Methode: Stimuliert werden Myotendinosen (Muskelhartspann), periostale (Knochenhaut) Schmerzpunkte und klassische Akupunkturpunkte der fernöstlichen Medizin. Benutzt wird ein Niederfrequenzstromgerät, welches elektrischen Strom niedriger Spannung mit sich ändernder Polarität aussendet, so daß eine unterschiedliche, vom Therapeuten bestimmte Stimulation der gewünschten Triggerzonen durchgeführt werden kann. Der Therapeut steht in engstem Kontakt mit dem Patienten und kontrolliert unmittelbar die durch die Reflextherapie erreichten Effekte. Es kommt zu einer positiven Beeinflussung der pathologischen horizontalen und vertikalen Reflexbögen, welche zusätzlich durch isotonische Muskeldehnung, durch Elemente der Traktion (Dehnung), Vibration und Apitherapie (Bienengifttherapie) unterstützt werden.

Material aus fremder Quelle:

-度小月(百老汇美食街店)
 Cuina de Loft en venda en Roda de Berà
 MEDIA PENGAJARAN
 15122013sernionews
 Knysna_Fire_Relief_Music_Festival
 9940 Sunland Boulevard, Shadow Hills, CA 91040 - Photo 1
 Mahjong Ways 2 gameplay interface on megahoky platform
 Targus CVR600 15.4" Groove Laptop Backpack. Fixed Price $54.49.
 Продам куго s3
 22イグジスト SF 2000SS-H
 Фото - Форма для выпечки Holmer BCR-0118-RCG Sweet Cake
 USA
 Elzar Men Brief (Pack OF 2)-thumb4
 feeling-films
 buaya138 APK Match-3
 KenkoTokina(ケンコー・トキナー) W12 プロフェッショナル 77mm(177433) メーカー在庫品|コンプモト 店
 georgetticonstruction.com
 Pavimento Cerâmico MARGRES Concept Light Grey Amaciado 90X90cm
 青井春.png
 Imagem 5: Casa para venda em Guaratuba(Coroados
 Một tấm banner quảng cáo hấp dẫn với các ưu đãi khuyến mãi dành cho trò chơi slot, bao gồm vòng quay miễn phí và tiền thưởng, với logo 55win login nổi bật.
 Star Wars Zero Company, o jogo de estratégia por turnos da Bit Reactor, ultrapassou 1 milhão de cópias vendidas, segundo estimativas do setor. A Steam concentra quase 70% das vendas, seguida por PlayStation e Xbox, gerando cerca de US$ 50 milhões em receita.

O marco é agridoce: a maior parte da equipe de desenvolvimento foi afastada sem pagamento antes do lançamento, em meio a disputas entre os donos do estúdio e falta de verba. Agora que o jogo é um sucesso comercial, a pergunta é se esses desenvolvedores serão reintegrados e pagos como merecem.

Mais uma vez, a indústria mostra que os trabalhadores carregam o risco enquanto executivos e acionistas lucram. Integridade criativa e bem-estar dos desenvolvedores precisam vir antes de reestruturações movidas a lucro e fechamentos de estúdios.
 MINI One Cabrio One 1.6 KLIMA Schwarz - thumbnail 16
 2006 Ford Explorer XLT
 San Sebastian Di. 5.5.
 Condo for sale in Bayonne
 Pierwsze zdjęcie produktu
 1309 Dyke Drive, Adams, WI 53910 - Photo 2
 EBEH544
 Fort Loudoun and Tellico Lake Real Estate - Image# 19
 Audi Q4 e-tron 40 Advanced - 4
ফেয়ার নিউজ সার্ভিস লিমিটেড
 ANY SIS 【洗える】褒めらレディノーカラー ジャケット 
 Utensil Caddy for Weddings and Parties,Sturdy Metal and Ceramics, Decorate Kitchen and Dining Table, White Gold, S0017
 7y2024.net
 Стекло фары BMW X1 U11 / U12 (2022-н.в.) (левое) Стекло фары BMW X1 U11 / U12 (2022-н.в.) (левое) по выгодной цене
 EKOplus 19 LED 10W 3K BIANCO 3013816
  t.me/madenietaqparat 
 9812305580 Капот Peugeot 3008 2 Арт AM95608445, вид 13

Resultat: Verstärkung des Effektes der Muskelrelaxation, der durch die Wirbelsäulenkorrektur erreicht wurde;
Erhöhung der Muskelspannung bei Hypotonie, Lockerung bei Hypertonie, dadurch Schaffung neuer Bewegungsmöglichkeiten;
Verbesserung der Durchblutung und Ernährung der Muskeln, Gelenke, Sehnen und Bänder sowie des Zentralnervensystems;
Korrektur der vegetativen Dysfunktionen (Speichelfluß, Schwitzen etc.).